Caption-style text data

+---+

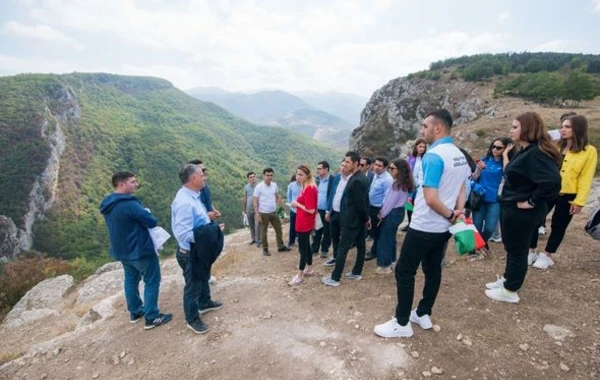 Könüllü təşkilatları Şuşaya səfər etdilər - FOTO
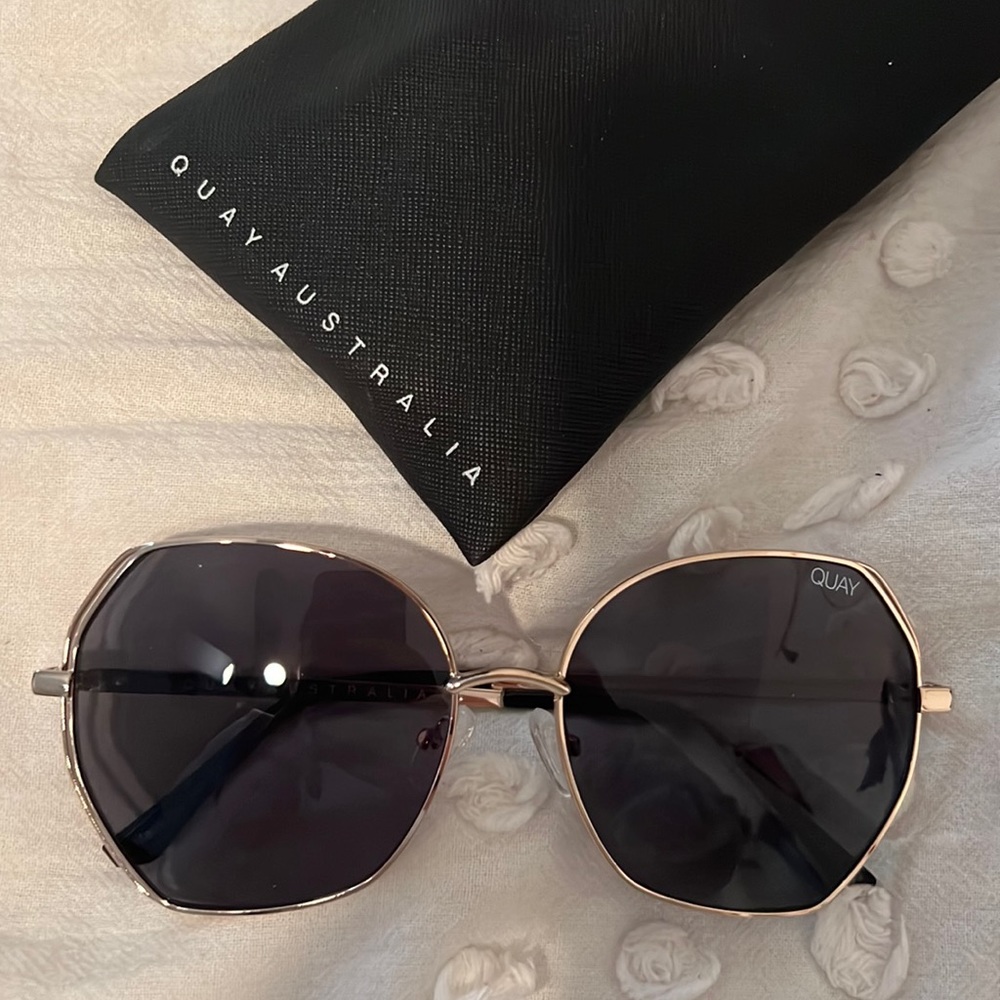 Sunglasses with slip case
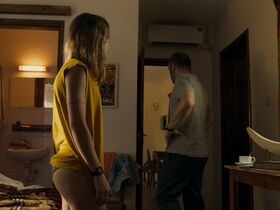 Anna Castillo sexy – Adu (2020)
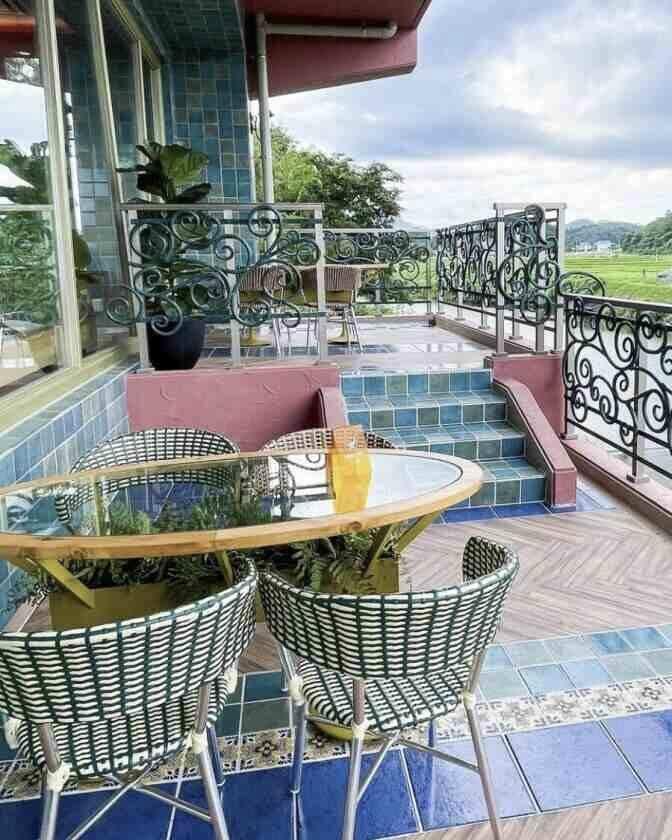 有限会社ビズ・カンパニーの制服3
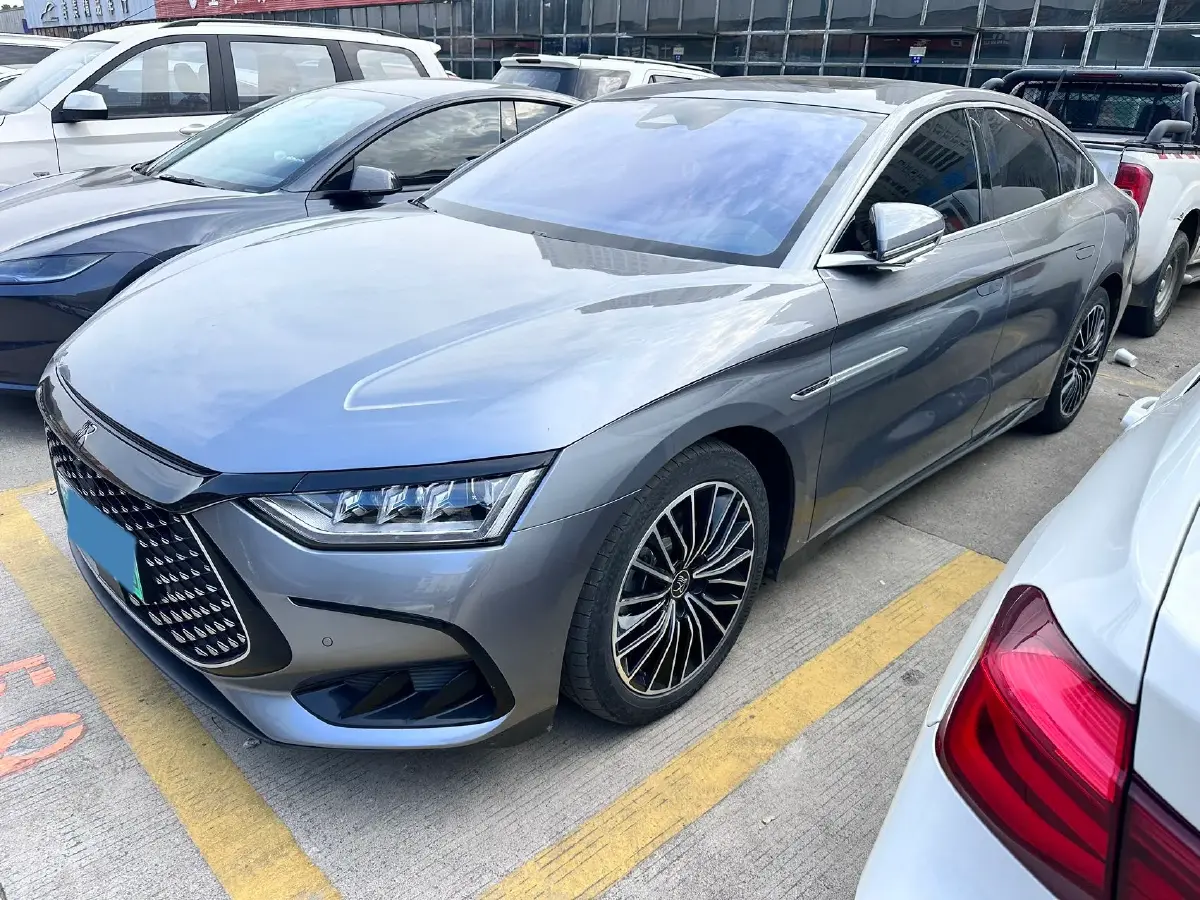 2022 Volkswagen Tiguan L 2.0T 186HP L4 7DCT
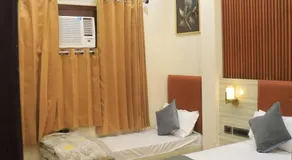 Forever inn hotel near golden temple - Image 2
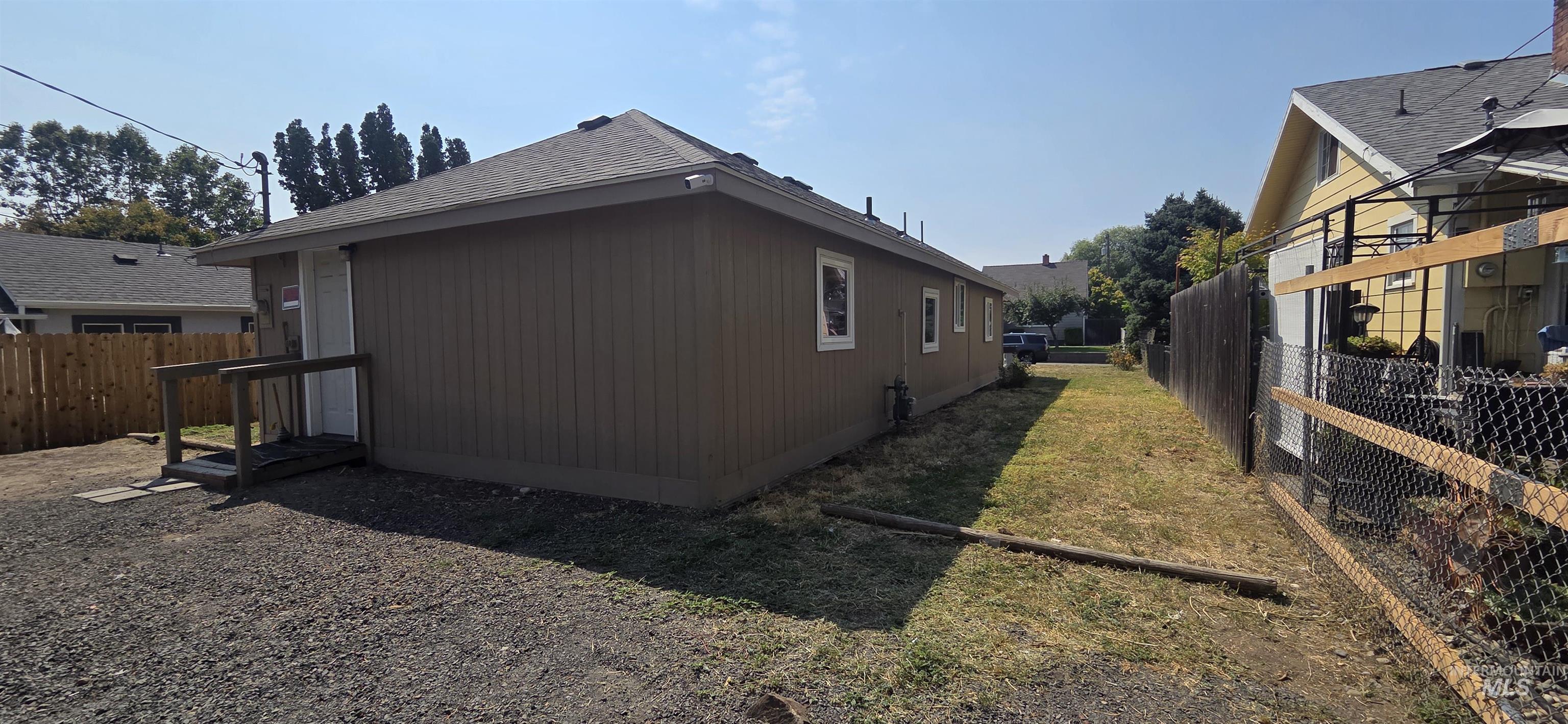 729 4th Property Photo 12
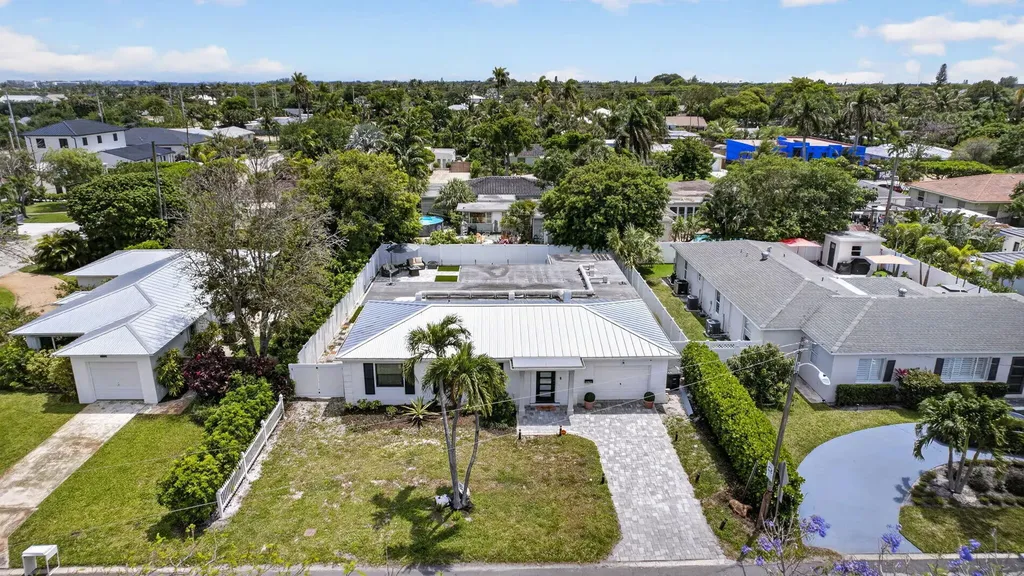 326 Alhambra Place West Palm Beach FL 33405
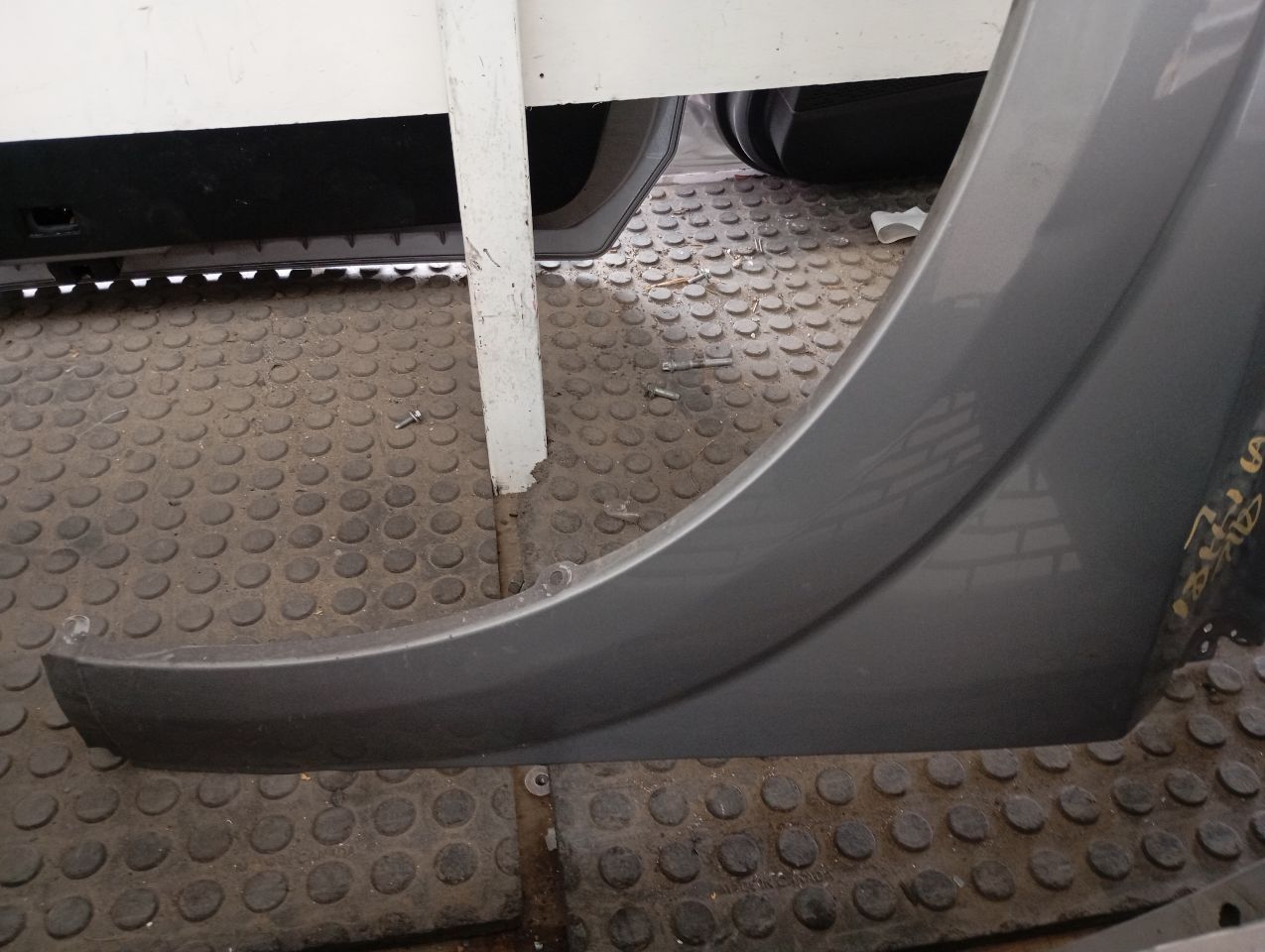 Part image 4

+---+

[What needs to be done] Without the pictures, return the records above exactly as written.

[Result for this task]
 Könüllü təşkilatları Şuşaya səfər etdilər - FOTO
 Sunglasses with slip case
 Anna Castillo sexy – Adu (2020)
 有限会社ビズ・カンパニーの制服3
 2022 Volkswagen Tiguan L 2.0T 186HP L4 7DCT
 Forever inn hotel near golden temple - Image 2
 729 4th Property Photo 12
 326 Alhambra Place West Palm Beach FL 33405
 Part image 4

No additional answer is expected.